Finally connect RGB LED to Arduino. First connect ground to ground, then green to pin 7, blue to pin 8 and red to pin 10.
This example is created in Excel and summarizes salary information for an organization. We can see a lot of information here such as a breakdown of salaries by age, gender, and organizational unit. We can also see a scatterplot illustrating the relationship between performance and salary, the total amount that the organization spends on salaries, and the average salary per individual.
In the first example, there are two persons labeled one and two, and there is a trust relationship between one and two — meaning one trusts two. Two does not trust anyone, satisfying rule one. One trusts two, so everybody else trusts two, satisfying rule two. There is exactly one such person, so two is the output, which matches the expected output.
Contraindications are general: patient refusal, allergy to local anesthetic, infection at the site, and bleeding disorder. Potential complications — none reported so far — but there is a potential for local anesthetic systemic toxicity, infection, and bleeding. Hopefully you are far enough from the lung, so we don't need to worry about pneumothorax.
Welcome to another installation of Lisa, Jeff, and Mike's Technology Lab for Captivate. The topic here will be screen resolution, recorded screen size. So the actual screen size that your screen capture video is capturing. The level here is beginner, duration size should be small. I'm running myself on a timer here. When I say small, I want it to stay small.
◆ ◆ ◆ ◆ ◆
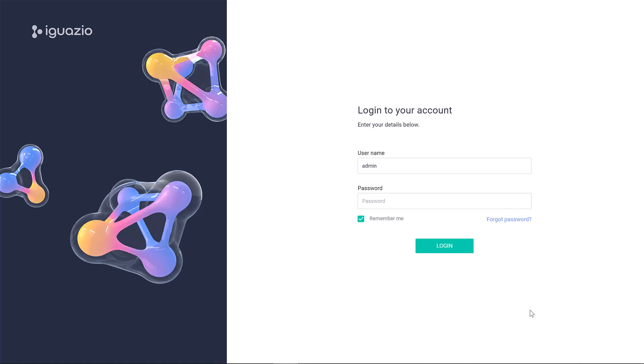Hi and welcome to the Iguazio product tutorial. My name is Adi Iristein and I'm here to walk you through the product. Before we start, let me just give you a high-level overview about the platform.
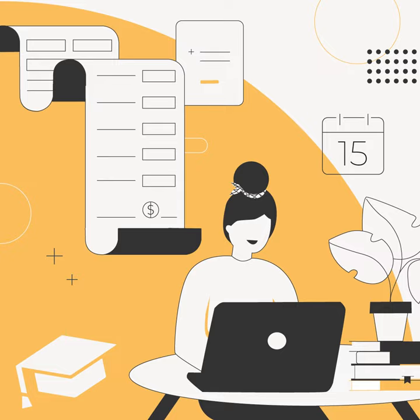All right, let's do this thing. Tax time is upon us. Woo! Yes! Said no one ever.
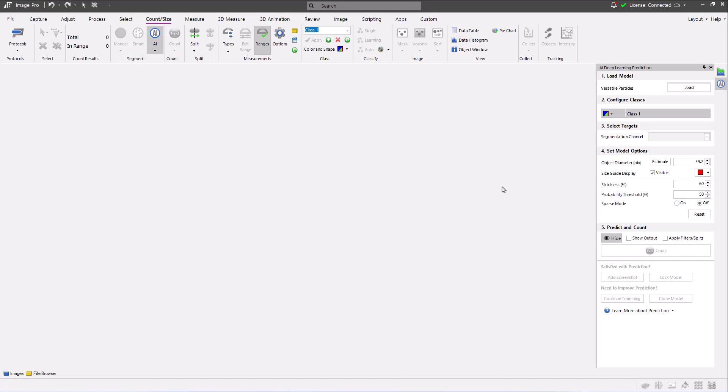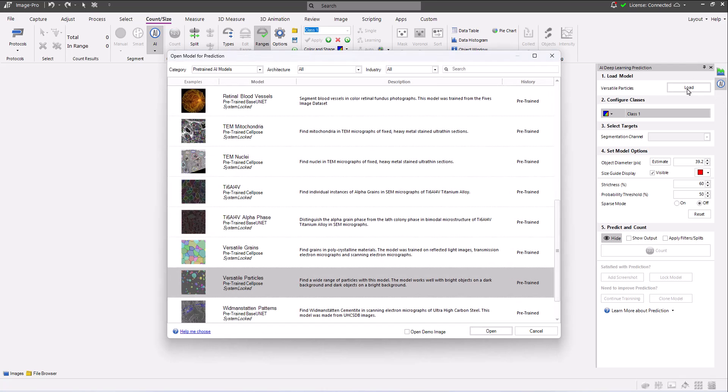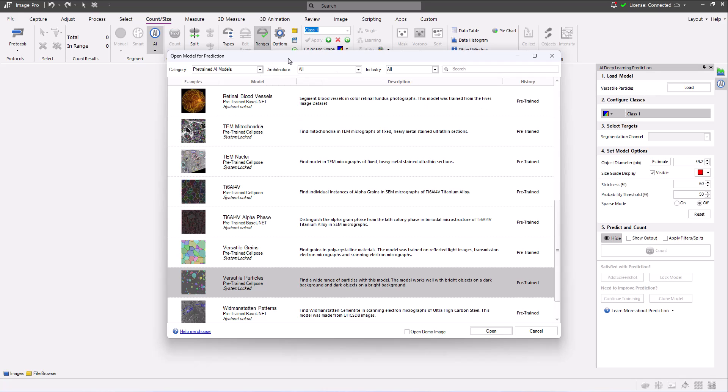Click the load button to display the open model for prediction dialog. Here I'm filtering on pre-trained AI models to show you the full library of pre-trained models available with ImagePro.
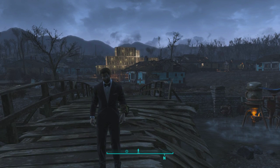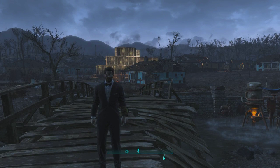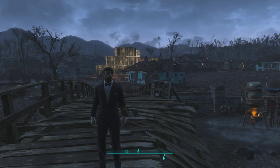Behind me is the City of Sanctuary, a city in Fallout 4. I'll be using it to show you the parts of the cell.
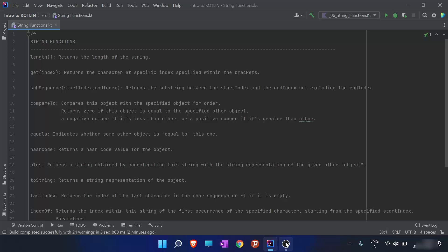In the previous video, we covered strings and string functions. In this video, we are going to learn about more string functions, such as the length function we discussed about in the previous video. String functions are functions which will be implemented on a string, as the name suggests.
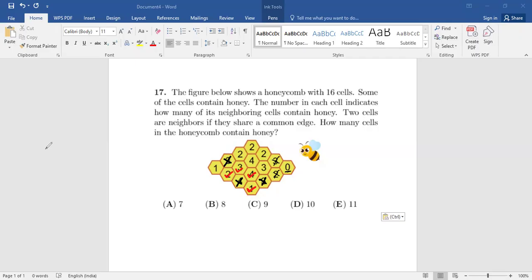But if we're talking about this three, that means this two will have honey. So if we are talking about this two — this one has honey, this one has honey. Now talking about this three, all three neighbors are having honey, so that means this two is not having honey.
◆ ◆ ◆ ◆ ◆
§ **Problem**
Check each line above for "relationship" and please state only how many have it.

§ **Result**
2